--- Data excerpts Enclosed Below ---

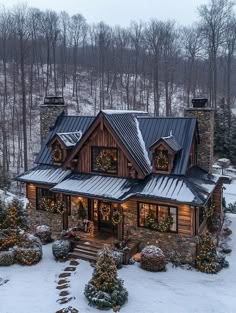 this is an aerial view of a house in the snow with christmas lights on it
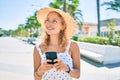 Young beautiful caucasian woman with blond hair smiling happy outdoors using smartphone Royalty Free Stock Photo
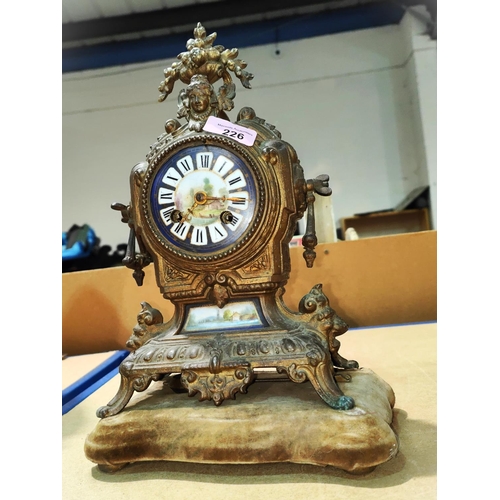 72 - A 19th century French gilt mantel clock with painted porcelain dial, height 30cm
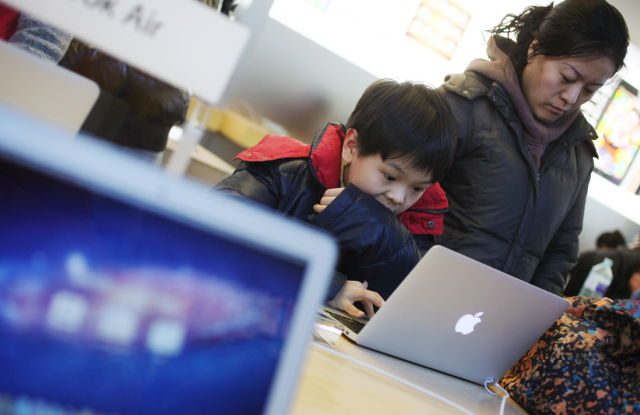 INFECTING MACBOOKS. A boy looks at content on a Macbook in an Apple store in Beijing, China, 10 January 2012. File Photo by How Hwee Young/EPA 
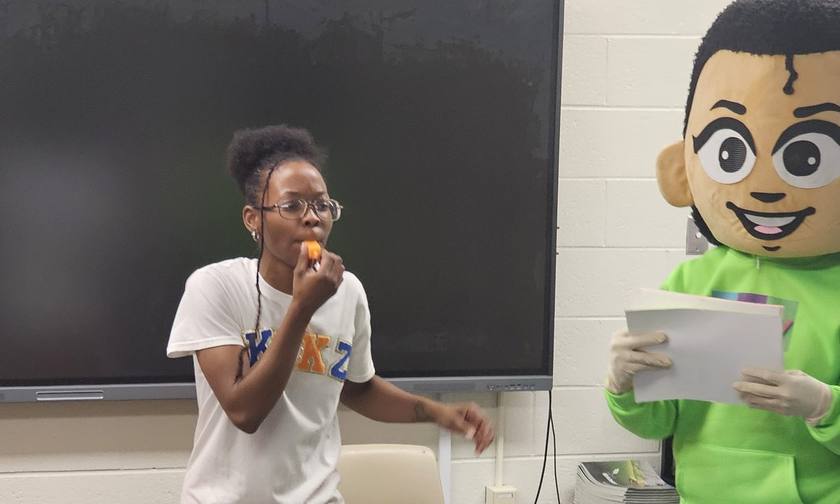 Emery and Kikz engaging with young students at a live KVK show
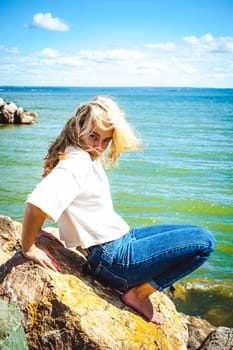 Portrait young woman on stones near sea. Beautiful girl is resting on coast, enjoying outdoor recreation.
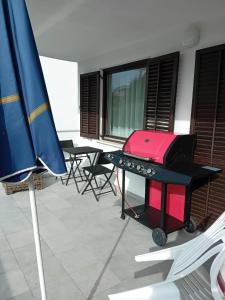 uma churrasqueira num quarto com cadeiras e um guarda-sol em Maria´s Haus em Novigrad Istria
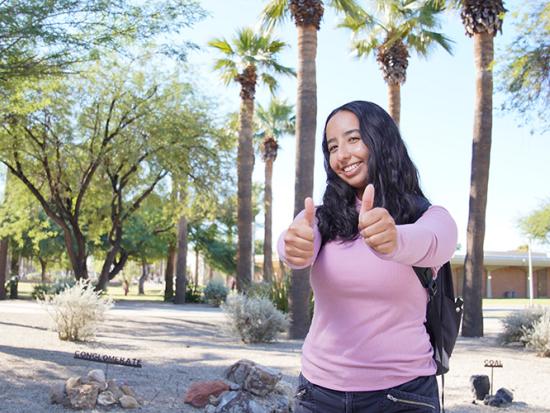 Student giving a thumbs up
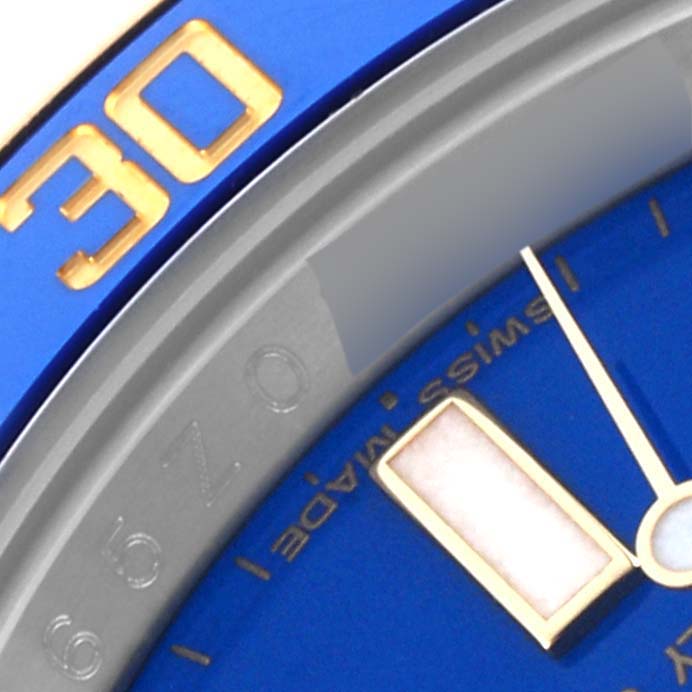 The image shows a close-up of the bezel and dial of a Rolex Submariner 116613LB Men's Steel and Gold (two tone) Blue Dial 116613LB Men's Steel and Gold (two tone) Blue Dial, highlighting the 30-minute mark and blue dial details.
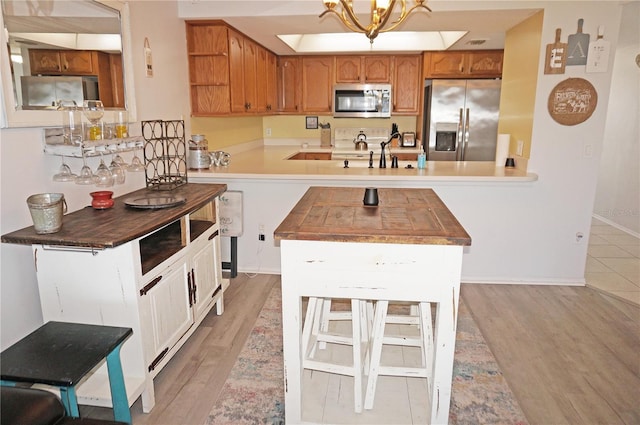 kitchen featuring an inviting chandelier, sink, appliances with stainless steel finishes, light hardwood / wood-style floors, and kitchen peninsula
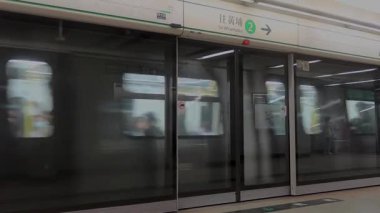 Ho Man Tin, Hong Kong - 6 Haziran 2025: MTR tren istasyonuna yaklaşan yolcular kapıdan çıkıyorlar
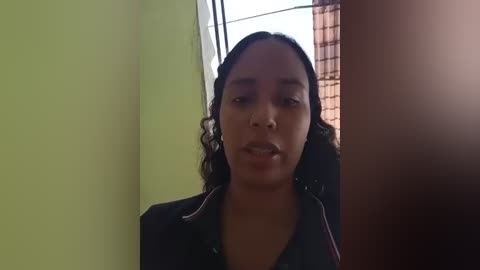 Video of a young Black woman with curly hair, wearing a black shirt, standing in a room with light green walls and a window with brown curtains.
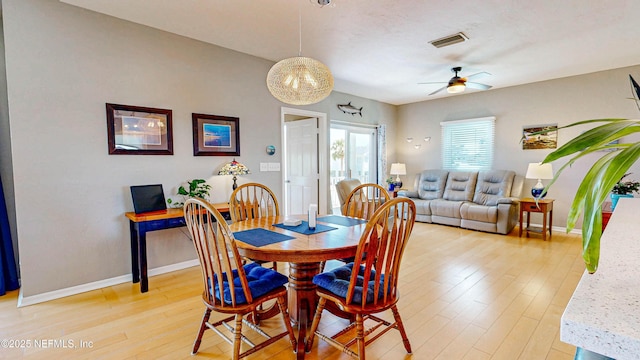 23 Moody Dr, Palm Coast, FL 32137 - dining area with light wood-style floors, ceiling fan, and baseboards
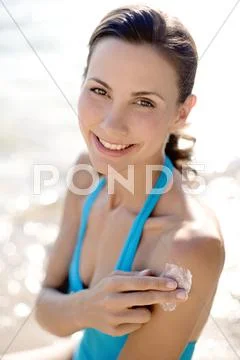 Woman applying sunscreen Stock Photos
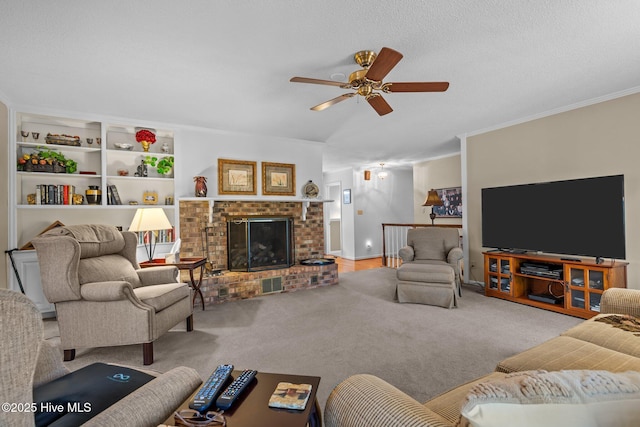 carpeted living area featuring ornamental molding, a fireplace, a textured ceiling, and ceiling fan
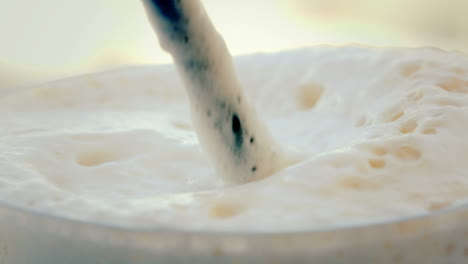 stirring up white foam of coffee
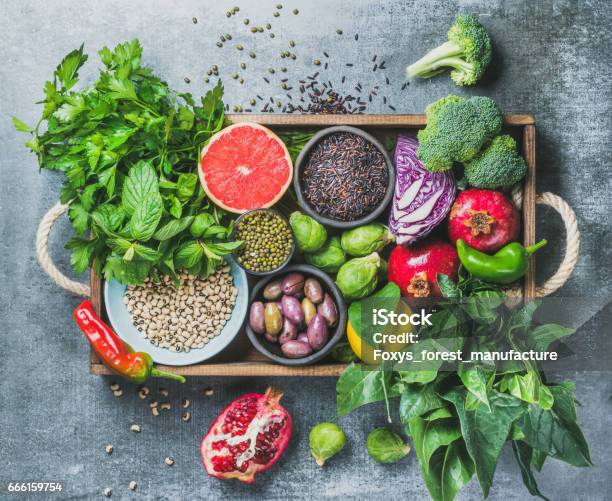 Healthy Food Ingredients In Wooden Box Over Grey Background Stock Photo - Download Image Now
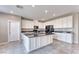 Bright kitchen with a large island, black appliances, white cabinets, and ample counter space at 4206 Topaz Hills Dr, North Las Vegas, NV 89032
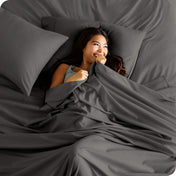 A smiling woman is lying in bed with a top sheet pulled up to her chin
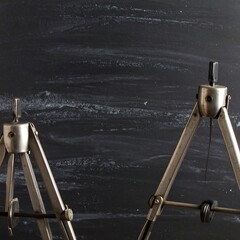 Vintage metal tripods against a dark chalkboard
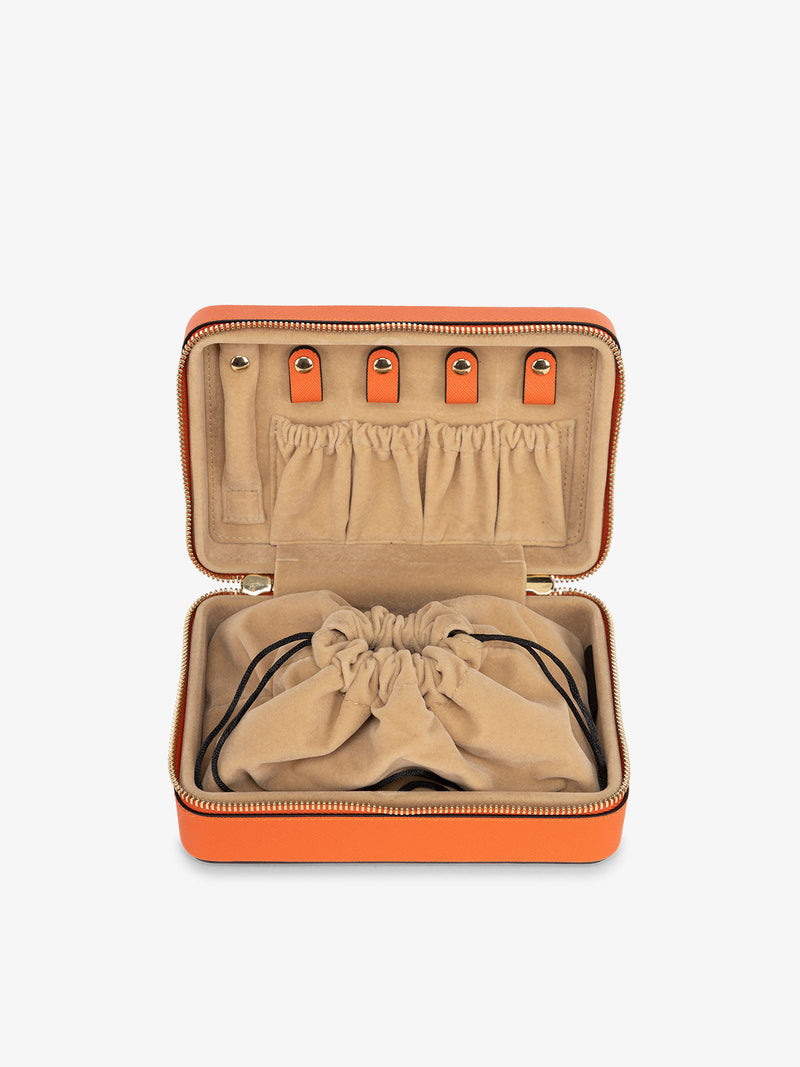 CALPAK travel jewelry box for women with drawstring pocket in papaya orange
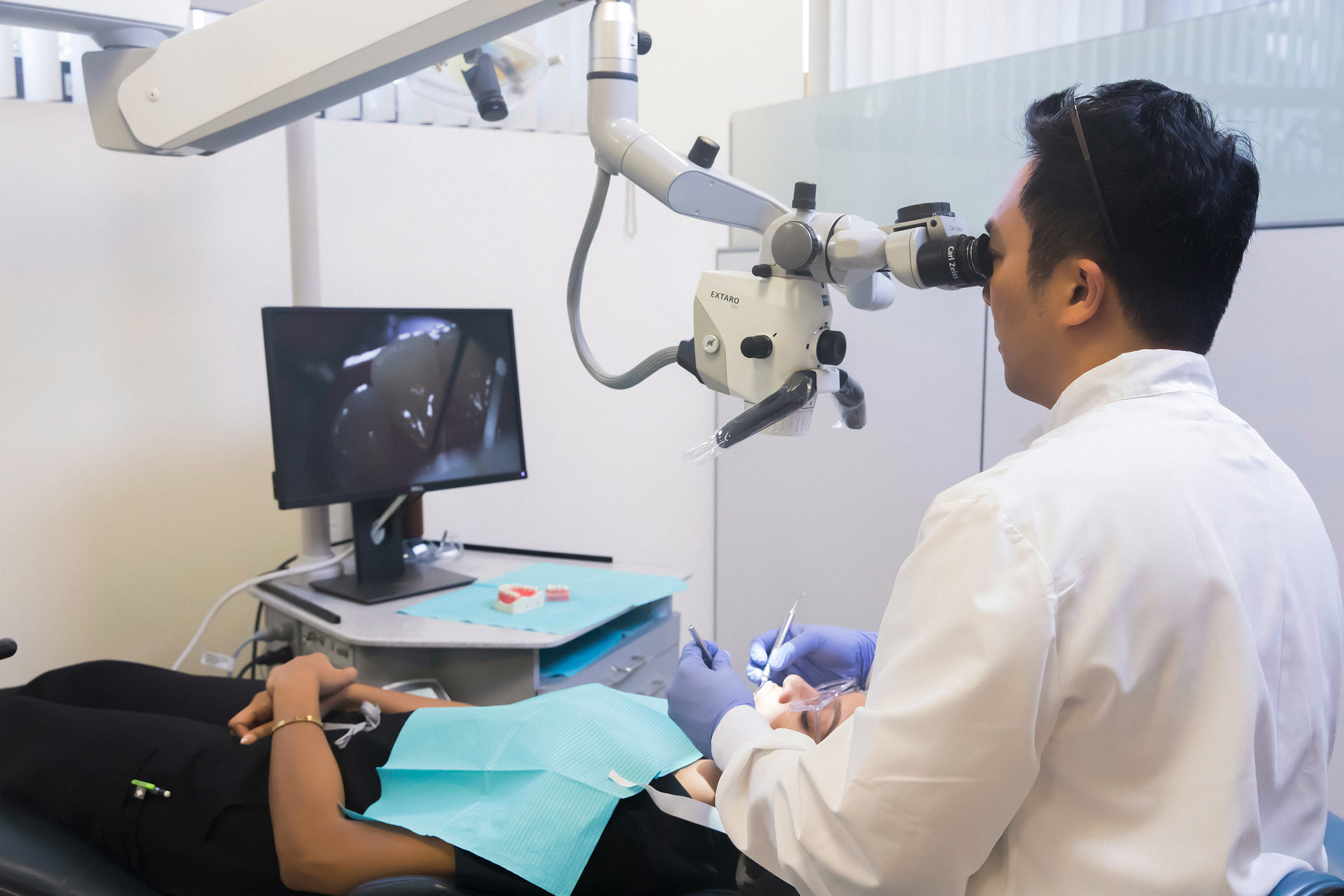 Assistant Professor of Clinical Dentistry Jin-Ho Phark uses a high-powered microscope to examine a patient's teeth and gums. | HANNAH BENET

--- End of Enclosed Data excerpts ---

**Required work:** Return every entry above exactly as written, with no pictures included.

**Written response:**
 this is an aerial view of a house in the snow with christmas lights on it
 Young beautiful caucasian woman with blond hair smiling happy outdoors using smartphone Royalty Free Stock Photo
 72 - A 19th century French gilt mantel clock with painted porcelain dial, height 30cm
 INFECTING MACBOOKS. A boy looks at content on a Macbook in an Apple store in Beijing, China, 10 January 2012. File Photo by How Hwee Young/EPA 
 Emery and Kikz engaging with young students at a live KVK show
 Portrait young woman on stones near sea. Beautiful girl is resting on coast, enjoying outdoor recreation.
 uma churrasqueira num quarto com cadeiras e um guarda-sol em Maria´s Haus em Novigrad Istria
 Student giving a thumbs up
 The image shows a close-up of the bezel and dial of a Rolex Submariner 116613LB Men's Steel and Gold (two tone) Blue Dial 116613LB Men's Steel and Gold (two tone) Blue Dial, highlighting the 30-minute mark and blue dial details.
 kitchen featuring an inviting chandelier, sink, appliances with stainless steel finishes, light hardwood / wood-style floors, and kitchen peninsula
 Ho Man Tin, Hong Kong - 6 Haziran 2025: MTR tren istasyonuna yaklaşan yolcular kapıdan çıkıyorlar
 Video of a young Black woman with curly hair, wearing a black shirt, standing in a room with light green walls and a window with brown curtains.
 23 Moody Dr, Palm Coast, FL 32137 - dining area with light wood-style floors, ceiling fan, and baseboards
 Woman applying sunscreen Stock Photos
 carpeted living area featuring ornamental molding, a fireplace, a textured ceiling, and ceiling fan
 stirring up white foam of coffee
 Healthy Food Ingredients In Wooden Box Over Grey Background Stock Photo - Download Image Now
 Bright kitchen with a large island, black appliances, white cabinets, and ample counter space at 4206 Topaz Hills Dr, North Las Vegas, NV 89032
 A smiling woman is lying in bed with a top sheet pulled up to her chin
 Vintage metal tripods against a dark chalkboard
 CALPAK travel jewelry box for women with drawstring pocket in papaya orange
 Assistant Professor of Clinical Dentistry Jin-Ho Phark uses a high-powered microscope to examine a patient's teeth and gums. | HANNAH BENET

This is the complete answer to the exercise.